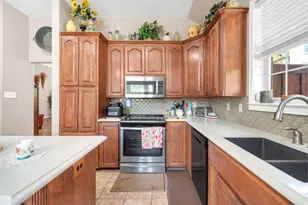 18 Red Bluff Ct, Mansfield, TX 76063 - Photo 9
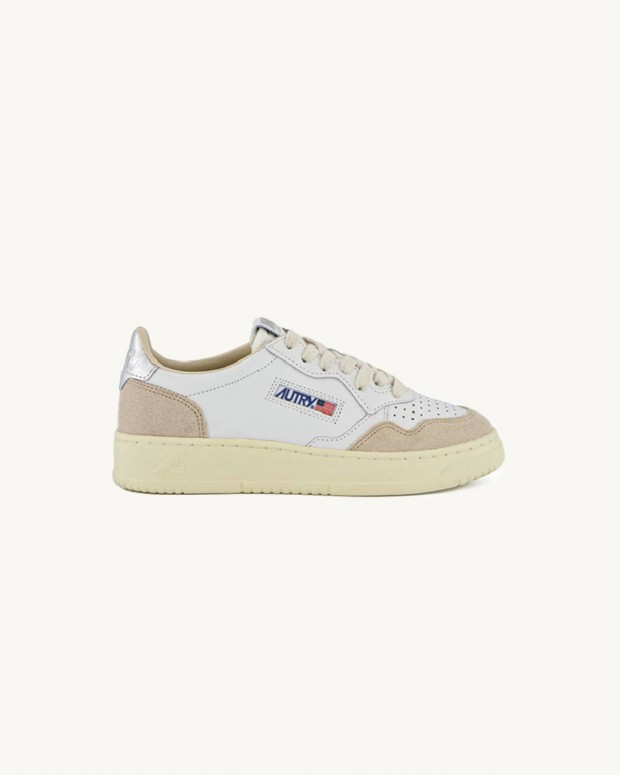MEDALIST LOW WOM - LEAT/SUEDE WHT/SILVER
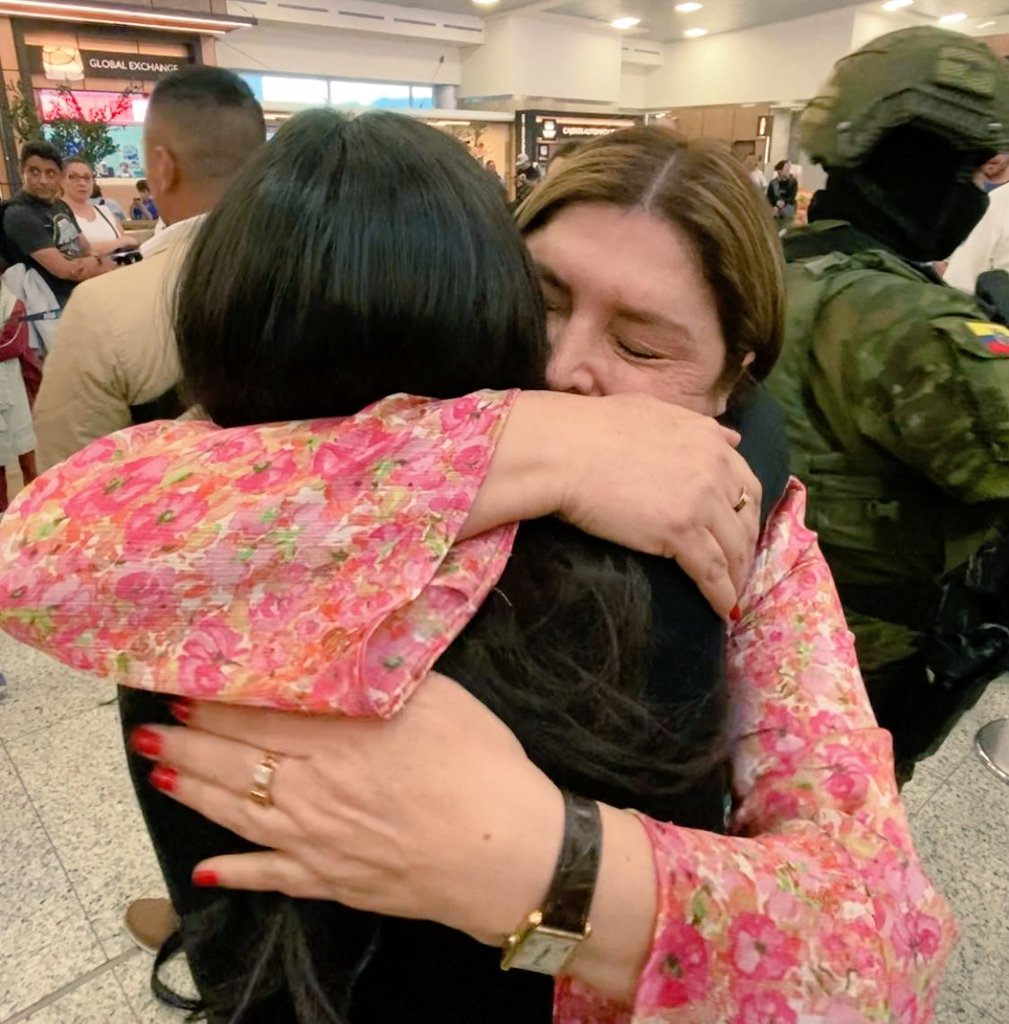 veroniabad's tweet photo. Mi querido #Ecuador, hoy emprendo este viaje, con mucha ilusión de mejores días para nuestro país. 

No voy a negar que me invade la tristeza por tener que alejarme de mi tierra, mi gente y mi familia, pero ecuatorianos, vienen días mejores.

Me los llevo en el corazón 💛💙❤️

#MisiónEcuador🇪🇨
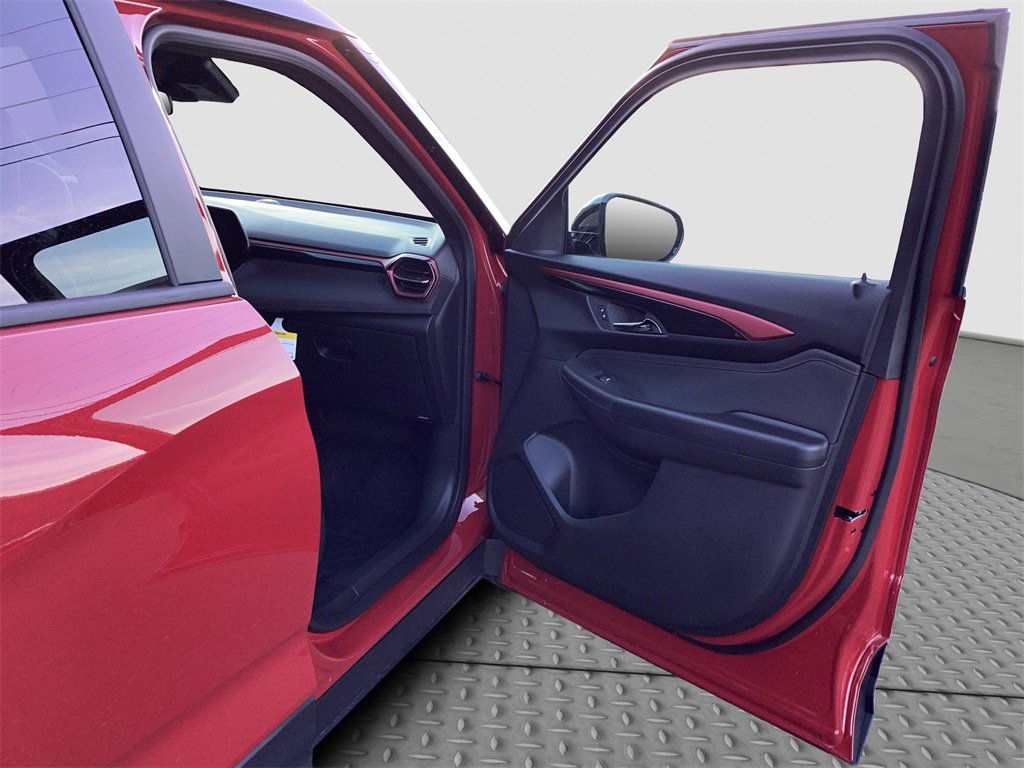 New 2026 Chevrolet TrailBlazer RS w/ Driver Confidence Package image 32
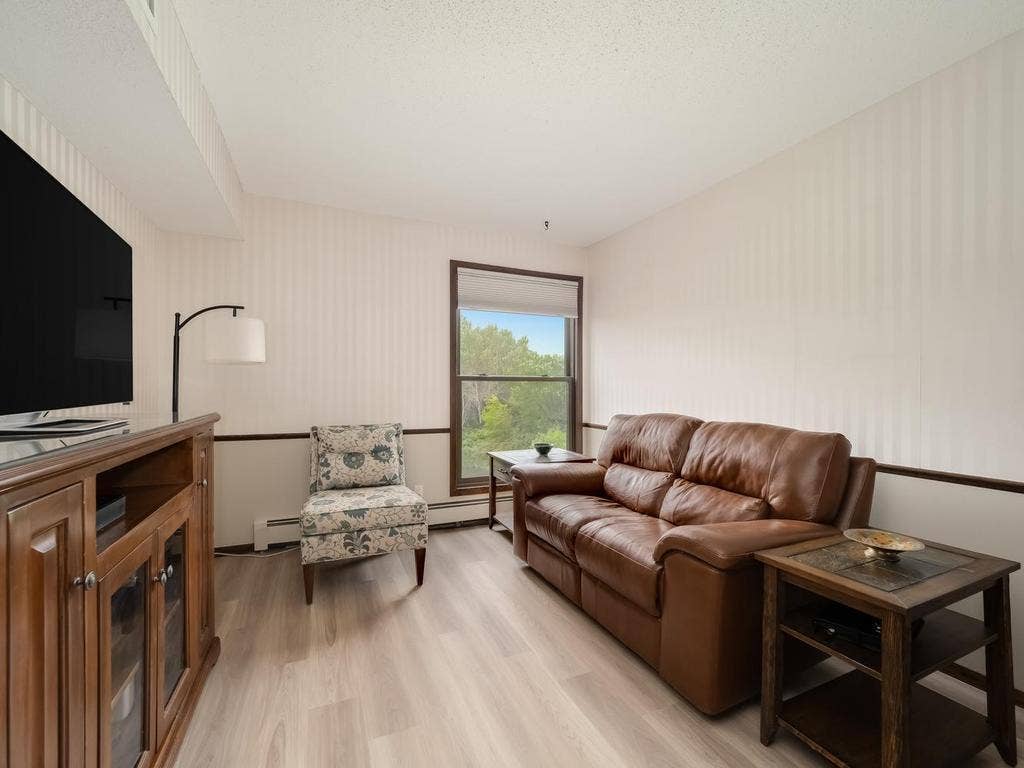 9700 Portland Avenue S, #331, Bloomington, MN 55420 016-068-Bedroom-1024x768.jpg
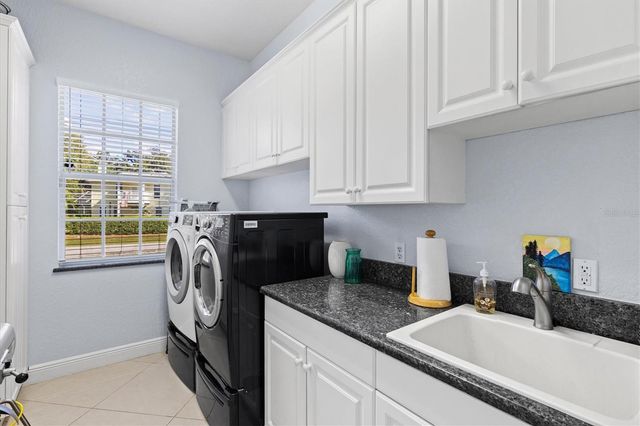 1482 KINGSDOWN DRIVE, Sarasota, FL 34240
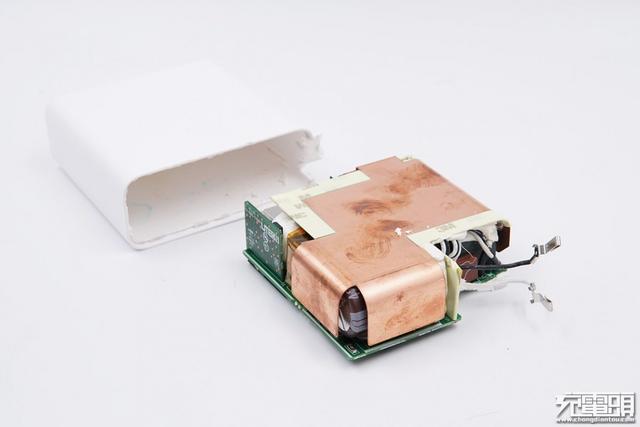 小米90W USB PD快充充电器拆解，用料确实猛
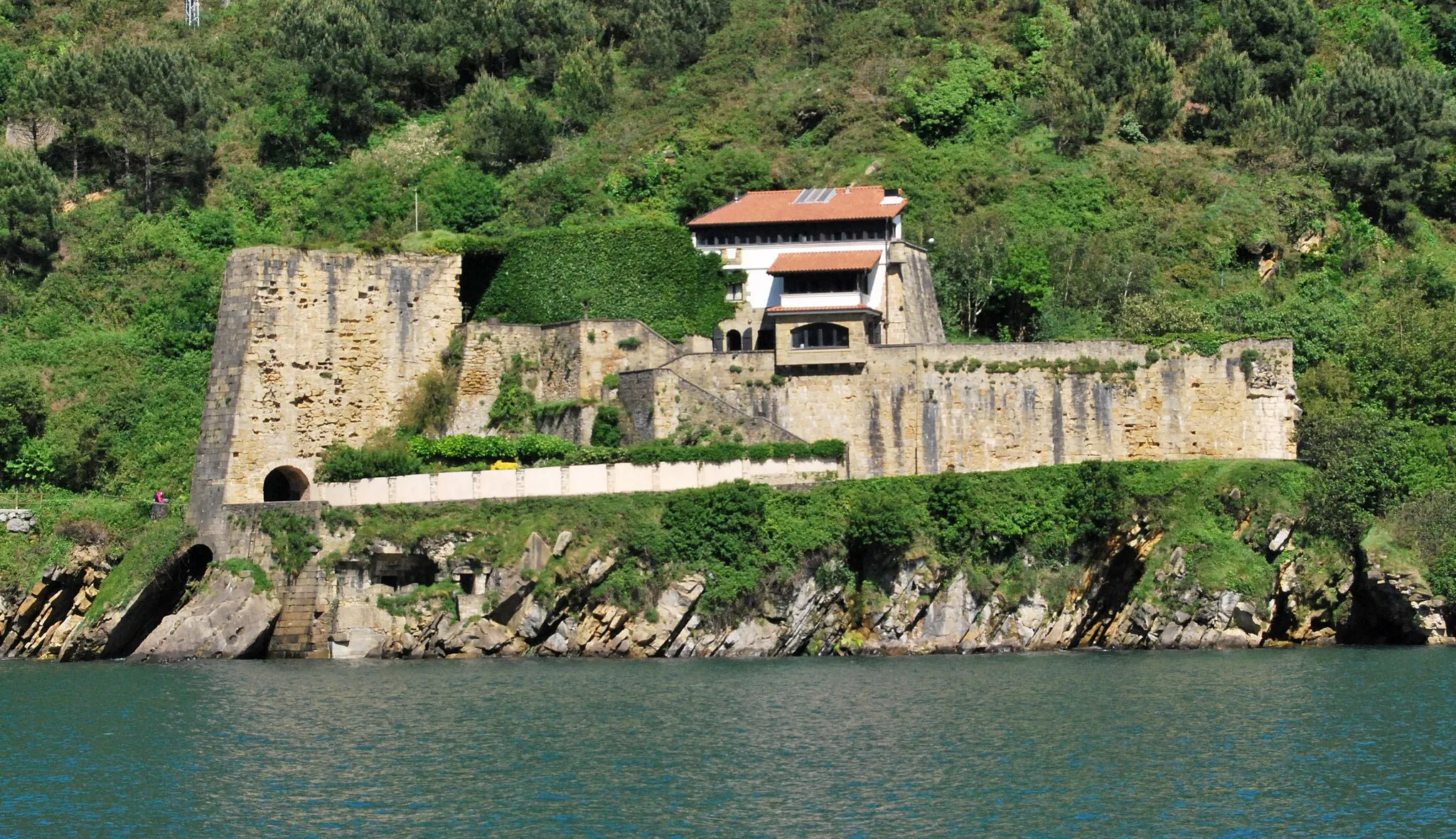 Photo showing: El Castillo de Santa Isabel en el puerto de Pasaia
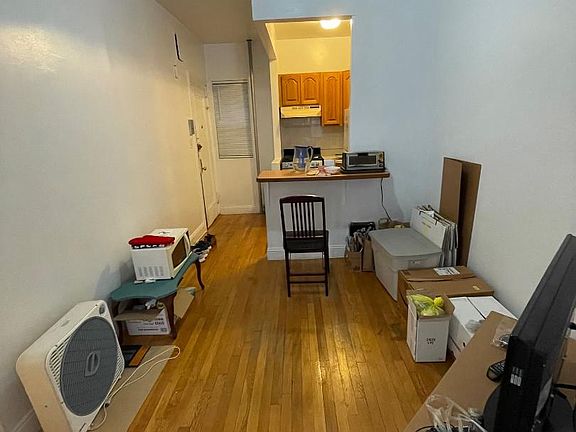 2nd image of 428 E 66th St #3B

◆ Instructions for the task
Please leave out the pictures as you reproduce the lines exactly, from the first line of the entries through the line containing "No voy a negar".

◆ Your response
 18 Red Bluff Ct, Mansfield, TX 76063 - Photo 9
MEDALIST LOW WOM - LEAT/SUEDE WHT/SILVER
 veroniabad's tweet photo. Mi querido #Ecuador, hoy emprendo este viaje, con mucha ilusión de mejores días para nuestro país. 

No voy a negar que me invade la tristeza por tener que alejarme de mi tierra, mi gente y mi familia, pero ecuatorianos, vienen días mejores.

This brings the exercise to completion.